The Ministry of Tourism has hit back at claims made last week that it was failing in its duty to collect rents and associated non-tax revenue from the country’s largest industry.
Following claims made by the Commissioner General of Taxation at the Maldives Inland Revenue Authority (MIRA) that the tourism ministry was failing perform its duty of collecting such revenue, State Minister for Tourism Mizna Shareef has called the accusations “baseless and unfair.”
“Under the new tax regime, MIRA can go after those who don’t pay rent,” said Mizna. “It is very unfair and inappropriate for MIRA to make these statements.”
Mizna argued that the authority had been pressuring the tourism ministry to suspend operating licenses for late-payers without considering the wider implications for the industry as a whole.
“There has to be balance – the industry must be protected while rents are collected,” she continued.
Tourism is by far the largest industry in the country, contributing over 70 percent of GDP via associated industries and 90 percent of all foreign exchange receipts.
Allegations by groups in support of the now-opposition Maldivian Democratic Party (MDP) linked several prominent Maldivian resort operators with February’s disputed transfer of power.
A travel advisory created shortly after the transfer rated resorts on a traffic-light system, urging against travel to resorts marked ‘red’ – being linked with the alleged coup-makers. The site has since been taken down.
The recently completed Commission of National Inquiry (CNI) ruled that the transfer of power had occurred within constitutional boundaries – a decision over which the MDP has registered strong reservations.
Tourist arrivals have continued to rise this year, with the Asian (largely Chinese) market taking up the slack from a downturn in European holiday-makers, although growth has slowed considerably in comparison with last year.
Director General of Revenue Service at MIRA, Fathuhulla Jameel, was not responding to calls at the time of press.
MIRA’s figures for August showed that ‘Tourism Land Rent’ collected last month was only 19 percent of the amount collected in the corresponding period last year.
Tourism land rent for the year so far is shown to be only three quarters of that collected by the same point on 2011.
The importance of this revenue stream can be seen in the share of overall revenue tourism land rent alone contributes to the authority’s figures – making up 10 percent of MIRA’s income this year.
Another important source of tourism revenue comes from lease extension payments from resort operators – islands are ultimately the property of the state and are leased to the operators on long term bases.
Mizna took issue with the suggestion that the government had re-interpreted the lease extension payments with detrimental effects for the state’s annual budget.
MIRA’s figures show that revenue from lease period extension fees has been US$11million (MVR 168 million) so far this year, compared to US$20million (MVR 273 million) at the same point in 2011.
Mizna argued that the initial arrangement for the collection of lease extension payments had not been fully elucidated by the courts prior to the current government’s assumption of office.
A High Court ruling last December ruled in favour of the 2010 second amendment to the Maldives Tourism Act after it was said to contradict article 8 of the original legislation, pointed out Mizna.
The second amendment states that fees of US$100,000 for every year extended should be paid over a period of between 18 or 36 months depending on operator’s status when the act was published in the government gazette.
The Nasheed government had requested that the payments be made in a lump sum.
Former Tourism Mariyam Zulfa, speaking shortly after the new government took office, explained the Nasheed government’s reading of the system.
“The second amendment to the tourism law came into place it gave the option for resorts to extend the existing 25 year leases to 50 years.

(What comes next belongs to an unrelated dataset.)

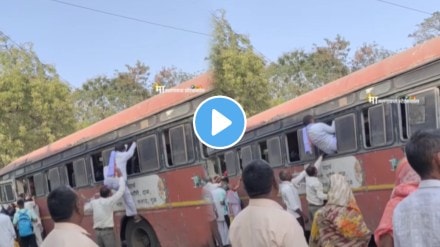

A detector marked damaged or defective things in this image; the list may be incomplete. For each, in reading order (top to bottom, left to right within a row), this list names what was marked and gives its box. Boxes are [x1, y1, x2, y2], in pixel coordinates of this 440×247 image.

rust on bus side [0, 73, 214, 176]
rust on bus side [246, 37, 440, 131]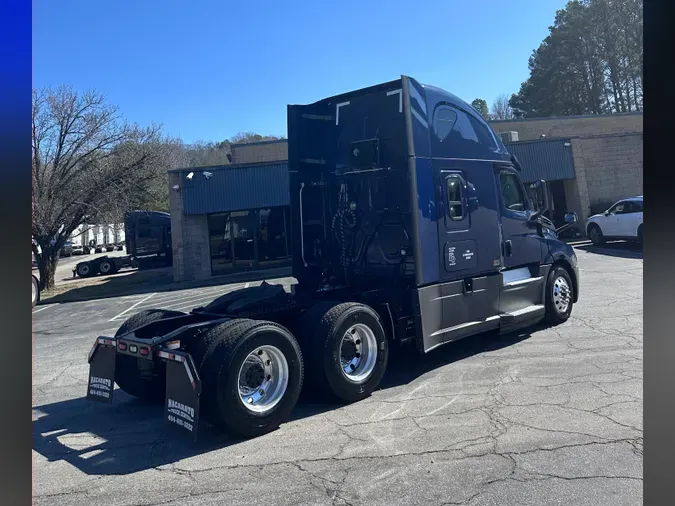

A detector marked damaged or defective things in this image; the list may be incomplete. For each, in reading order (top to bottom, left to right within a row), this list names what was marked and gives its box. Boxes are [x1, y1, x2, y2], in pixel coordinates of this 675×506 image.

cracked pavement [33, 243, 644, 504]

A time period was given and there is a clause that stipulates that the payment must be done in completion before the lease period can be extended,” she said in March.
“So, the Nasheed government had interpreted that clause as the payment to be paid in full for the period extended. So, because the wording is such that the payment must be complete before the extension is granted, we interpreted it as the full payment,” she continued.
“But there is another clause which says the manner in which the payment is calculated is on an annual basis. This government has over-interpreted that clause and has said that the payment has to be made annually,” argued Zulfa.